For each record that follows, restate the text exactly and drop the pictures.

--- Material to process Enclosed Below ---

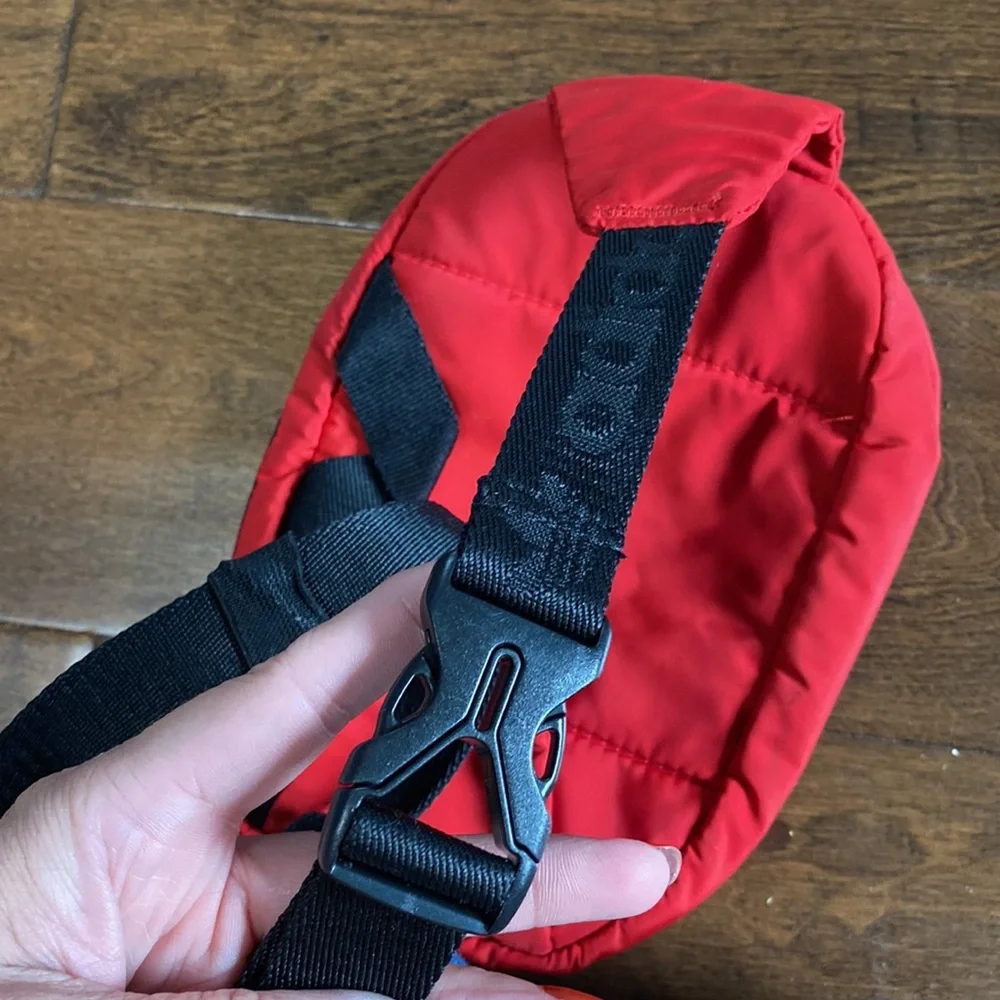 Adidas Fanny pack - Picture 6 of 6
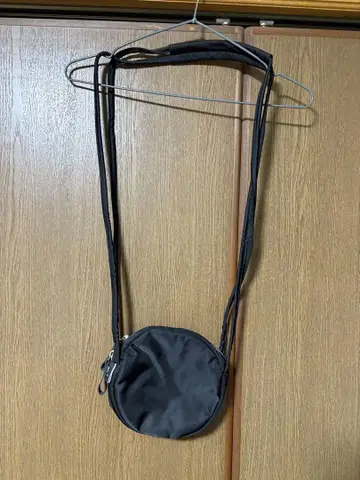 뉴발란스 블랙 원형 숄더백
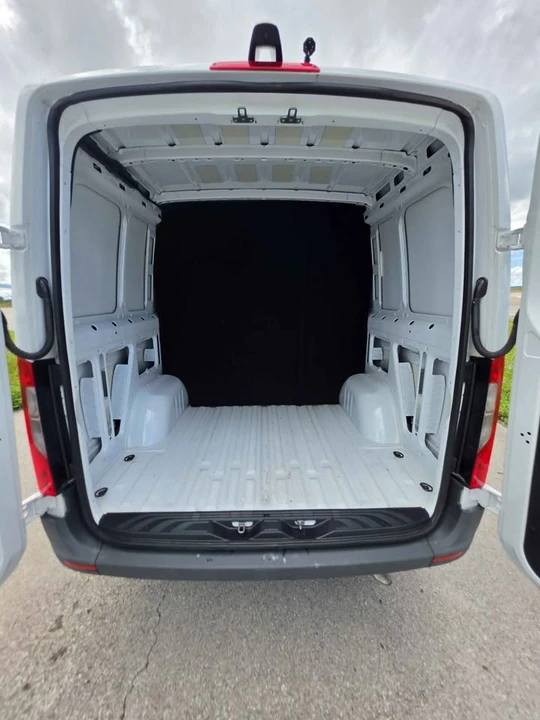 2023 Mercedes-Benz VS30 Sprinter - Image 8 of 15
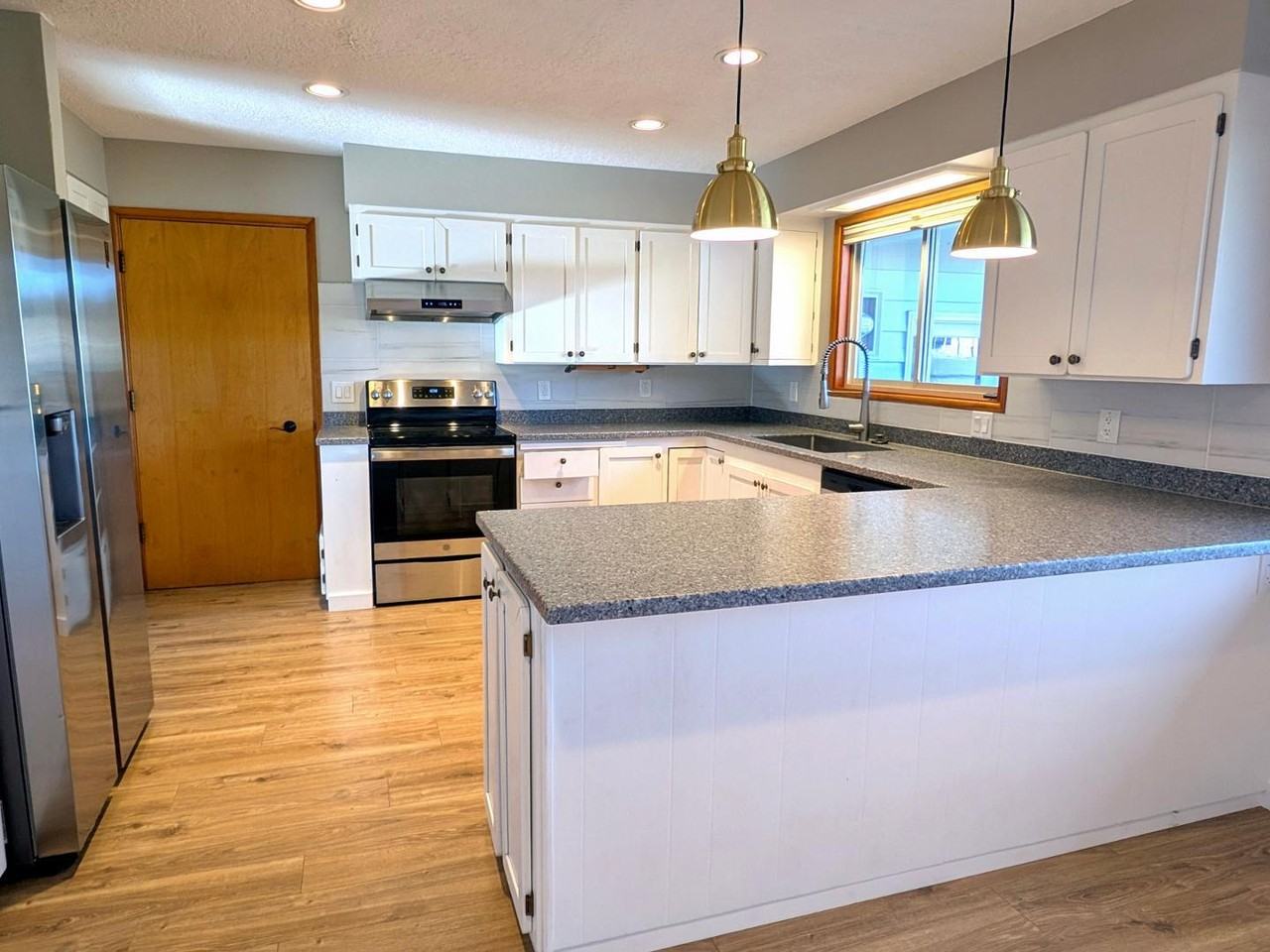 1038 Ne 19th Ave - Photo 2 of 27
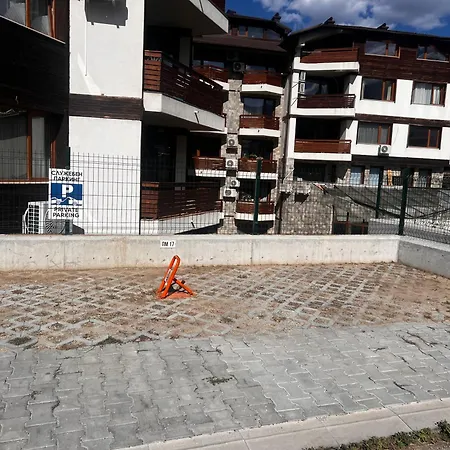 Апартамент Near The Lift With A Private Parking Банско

--- End of Enclosed Material to process ---

**Exercise output**
 Adidas Fanny pack - Picture 6 of 6
 뉴발란스 블랙 원형 숄더백
 2023 Mercedes-Benz VS30 Sprinter - Image 8 of 15
 1038 Ne 19th Ave - Photo 2 of 27
 Апартамент Near The Lift With A Private Parking Банско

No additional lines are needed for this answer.